Friday’s concert marked another end: the final work from three-year composer-in-residence Jared Miller. Written to order for a maximum-sized LSO, “House of Dreams” added some welcome weirdness, fun and food for thought to the familiar sounds that came before and after.

Principal bassist Ed Fedewa led the way with a lyrical solo melody drawn from the groaning depths of slumber, gradually picked up, layer by layer, by the cellos, violas, violins and brass. Miller is a mad master of adopting traditional orchestral techniques like the big, slow buildup and injecting them with insidious, chromosome-level mutations. About halfway through, the mists of dreamland parted to reveal pulsating threads of spectral colors in the strings, achieved by divvying them into complicated, ever-changing combinations.

The piece was punctuated throughout by relentless bass drum whacks, possibly suggesting the sleeper’s heartbeat, if the sleeper were a sperm whale or an apatosaurus. It was a lot of bass drum to take in, but it fit in with the evening’s spirit of justified overkill.

As passionately as Muffitt has made the case for beloved favorites like Haydn or Brahms over the years, he must have known they wouldn’t deliver the right kind of “wow” for a night of multiple climaxes. Respighi’s “Pines of Rome” hit all the notes. The splashy opening movement, with its joyous horn whoops and geysers of woodwinds, drenched the audience like a Cedar Point ride.

But there’s never a brainless bacchanal with Muffitt in charge. Melancholy meditations on the passage of time were also in order. The orchestra quietly conjured the cavernous echoes and shadowy ruins of the catacombs with a spacious luminosity that stirred goosebumps on many a neck.

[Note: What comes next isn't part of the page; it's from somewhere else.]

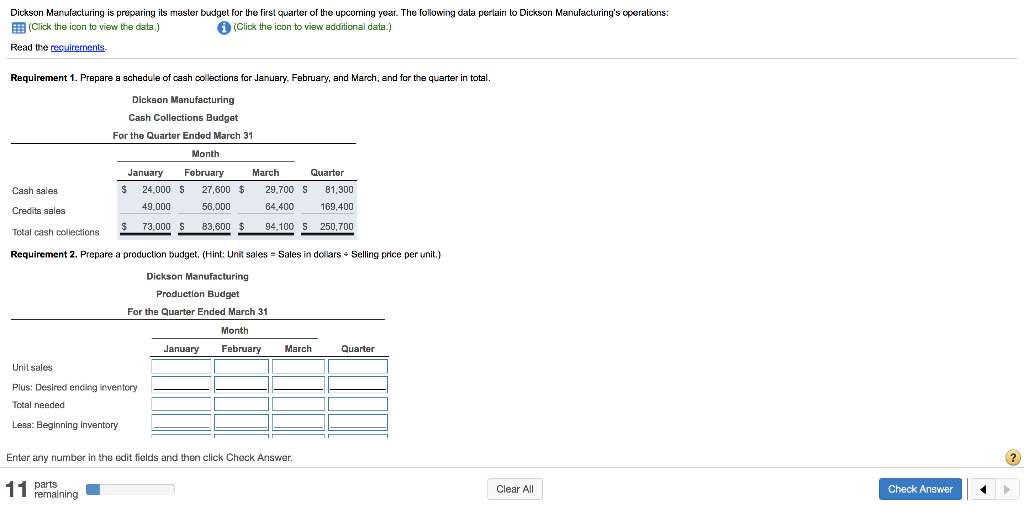  Dickson Manufacturing is preparing ils master budget for the first quarter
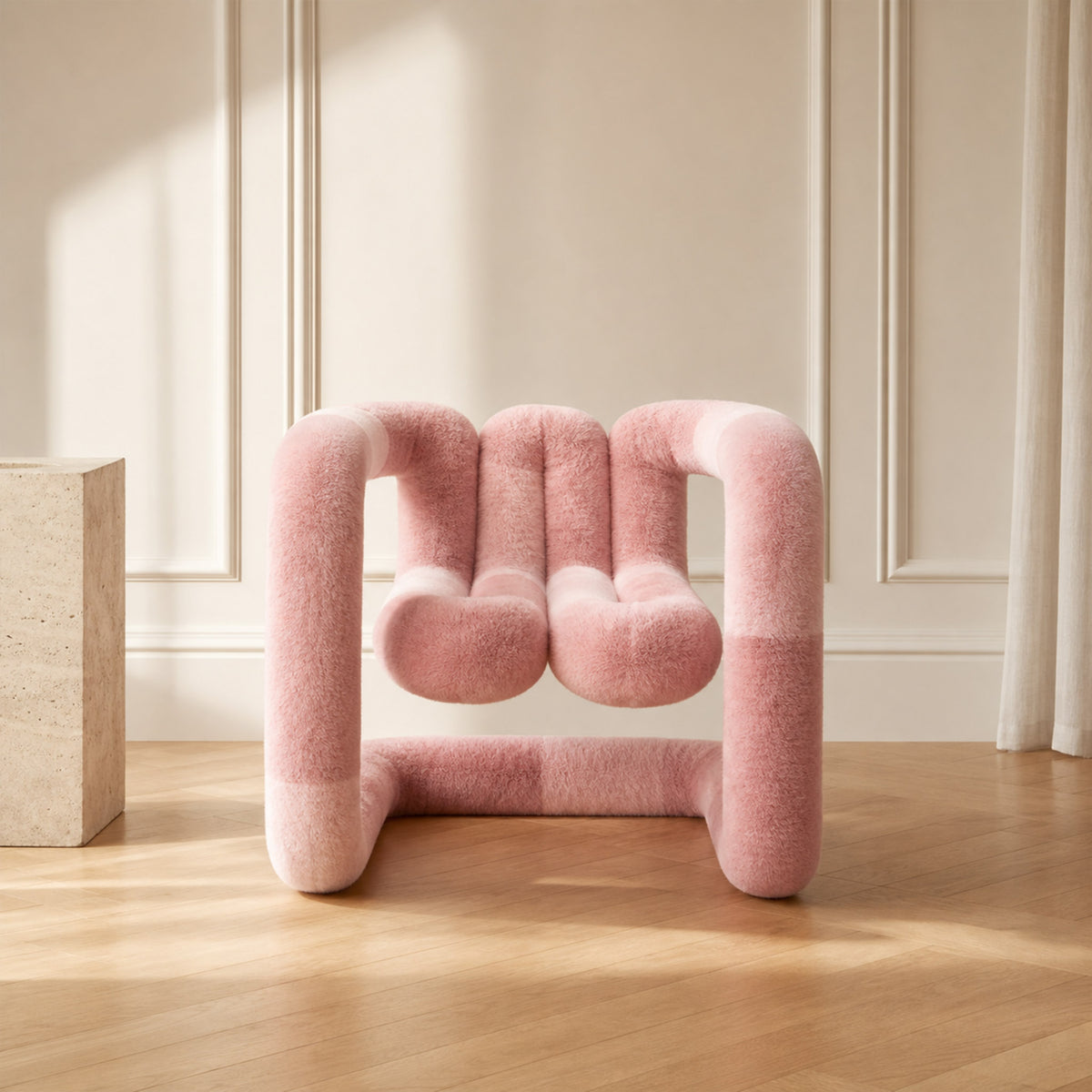 Front view of the pink 36.5°C Series Medium Chair showing its looped sculptural form and plush eco-fur upholstery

Principal trumpeter Neil Mueller snuck offstage to play a noble hymn that floated over the music like the moon, and the whole orchestra responded with massive, ancient-sounding chords that restored those ruins and retrieved a lost world from oblivion for a few fleeting seconds.

The serene interlude that followed, complete with pre-recorded nightingale songs and a vibrato-less, hyper-delicate solo by principal clarinetist Guy Yehuda, was only a setup for the cataclysm to come. Respighi’s imaginary march of the Roman legions increases in intensity from a distant thrumming to a fortissimo sonic supernova.

All night, the musicians of the orchestra played their guts out for the departing maestro, their torsos twirling in their seats with effort. Now it was time to build up to the final chords. As usual, Muffitt wasn’t interested in displaying moves for the sake of moves. He conducts like an embodiment of the music itself, which made him all the more watchable.

Nevertheless, Friday’s finale added one more memory to a 20-year-thick album. The need to synchronize an offstage contingent of horns, parked in the upper balcony, with the climactic chords produced by the musicians on stage drove him to thrust one arm out at 45 degrees toward the interior of the hall, like a samurai wielding a sword, while cueing the orchestra with his other arm, positioned at 90 degrees in the opposite direction, and looking both ways at once. I last saw this move when Toshiro Mifune fought the eight-tailed serpent in “The Three Treasures.” He danced around the dragon, cut off all of its heads, saved the village and took a bath in a barrel of sake. I hope the maestro found a roughly equivalent afterglow.